ECLI:NL:RBDHA:2015:8232
Rechtbank Den Haag
- Voorlopige voorziening
- Rechtspraak.nl
Uitsluiting van dagplaatshouder van de daguitdeling op basis van overtreding van de Wet arbeid vreemdelingen
In deze zaak heeft de voorzieningenrechter van de Rechtbank Den Haag op 17 juli 2015 uitspraak gedaan op het verzoek om een voorlopige voorziening van een dagplaatshouder die door de burgemeester en wethouders van Den Haag was uitgesloten van de daguitdeling voor de duur van één jaar. De uitsluiting volgde op een besluit van 19 mei 2015, waarbij de verzoeker was uitgesloten vanwege overtredingen van de Wet arbeid vreemdelingen (Wav). De verzoeker had bezwaar gemaakt tegen dit besluit en vroeg de voorzieningenrechter om een voorlopige voorziening.
Tijdens de zitting op 3 juli 2015 is de verzoeker verschenen, bijgestaan door zijn gemachtigde, terwijl de verweerder zich liet vertegenwoordigen door zijn gemachtigde. De voorzieningenrechter overwoog dat het oordeel voorlopig van aard is en niet bindend voor de bodemprocedure. De verzoeker voerde aan dat er geen grondslag was voor zijn uitsluiting op basis van het Marktreglement en de Marktverordening, terwijl de verweerder stelde dat de overtreding van de Wav wel degelijk als wangedrag of bedrog kon worden aangemerkt.
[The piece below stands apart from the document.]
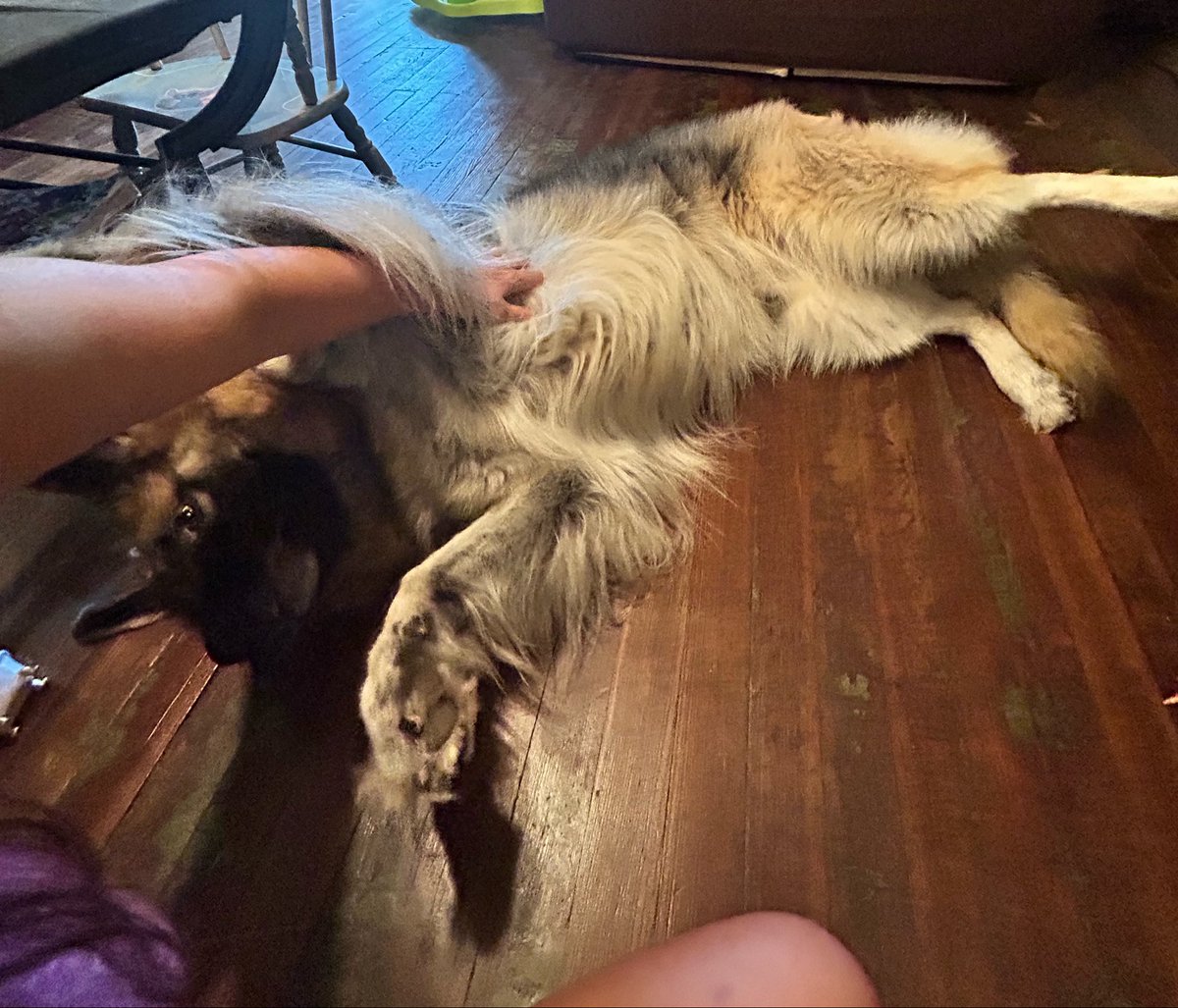 MayMetaX's tweet photo. @TruckMeta Gratitude Truck! God bless 

Good morning from Odin our longhair Shepherd https://t.co/biA2GEXunQ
De voorzieningenrechter concludeerde dat de regelgeving voldoende grondslag bood voor de uitsluiting van de verzoeker. De voorzieningenrechter oordeelde dat de belangen van de verzoeker niet opwogen tegen het belang van de verweerder om een eerlijke en transparante markt te waarborgen. De voorzieningenrechter wees het verzoek om een voorlopige voorziening af en stelde dat er geen aanleiding was voor een proceskostenveroordeling. Tegen deze uitspraak staat geen rechtsmiddel open.